The application isolation implementation of GEISA conformant platforms shall ensure that:
Applications run in independent processes
Applications run with least privilege
Application access permissions are deny by default
Application-to-application communication are denied by default
Applications cannot access other application’s memory or other resources
Applications do not know about other applications unless explicitly informed
Applications cannot access the platform’s local file-system
Applications cannot impact the performance of the platform
Applications cannot impact the stability of the platform
Applications cannot impact the performance of other applications
Applications cannot impact the stability of other applications
Applications cannot create denial-of-service situations
Resources are fairly distributed when oversubscribed
9.2.1. Application Manifest¶
The same application manifest is used across all AII. Because of this, all AII SHALL support the same controls, in support of the settings defined in the application manifest, even if their underlying implementation is substantially different. Application manifests are documented in Application Manifests.
9.2.2. Networking Control¶
The AII must control access to the network interface. By default, applications are not granted any network access. The application manifest may indicate that a given application is allowed to natively access the local network interface.
The AII shall control:
Whether direct network access is allowed.
Which network interfaces an application may access (none by default), including HAN/LAN and FAN/WAN interfaces.
The allowed instantaneous bandwidth an application may use.
The allowed average network volume an application may use over a daily period (e.g., 24 hours).
Allowed destination peers (IP/proto/port).
9.2.3. API Control¶
These permissions relate to controlling application access to the GEISA API provided by the platform. See Application Programming Interface (API) for details. Each defined API shall have its own set of permissions.

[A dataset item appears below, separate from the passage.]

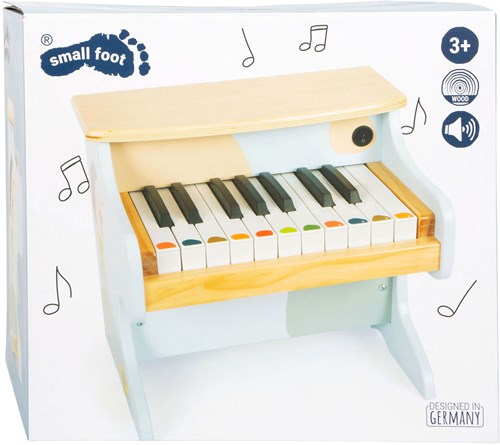 Small Foot Holz Klavier Groovy Beats Kinderpiano Musikspielzeug-2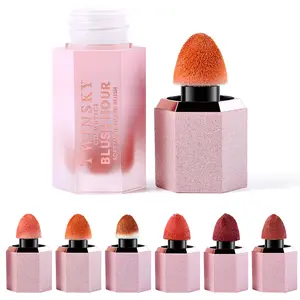 Twinsky soft matte liquid blush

9.2.4. Container Resource Management¶
Container resource limits shall include the following:
CPU limit (% of CPU)
Memory Limit (in 1KiB units)
Persistent Storage Limit (in 1KiB units)
Non-Persistent Storage Limit (in 1KiB units)
Note
An Application or Deployment manifest can be modified and re-deployed during an Application upgrade or administrative change. Changes to the resource requirements SHOULD not require an Application restart, but an EE implementation MAY stop, modify, and restart an Application if necessary.
If the persistent storage limit is increased, an implementation MUST honor that change and provide the application with a larger volume or limit without loss of existing persistent data. If that limit is reduced, an implementation SHOULD attempt to honor that change and reduce the volume or limit, however if the Application is using more than the new limit an alarm or exception SHOULD be raised to the EMS and the action MUST be aborted, leaving the Application running with the previous manifest.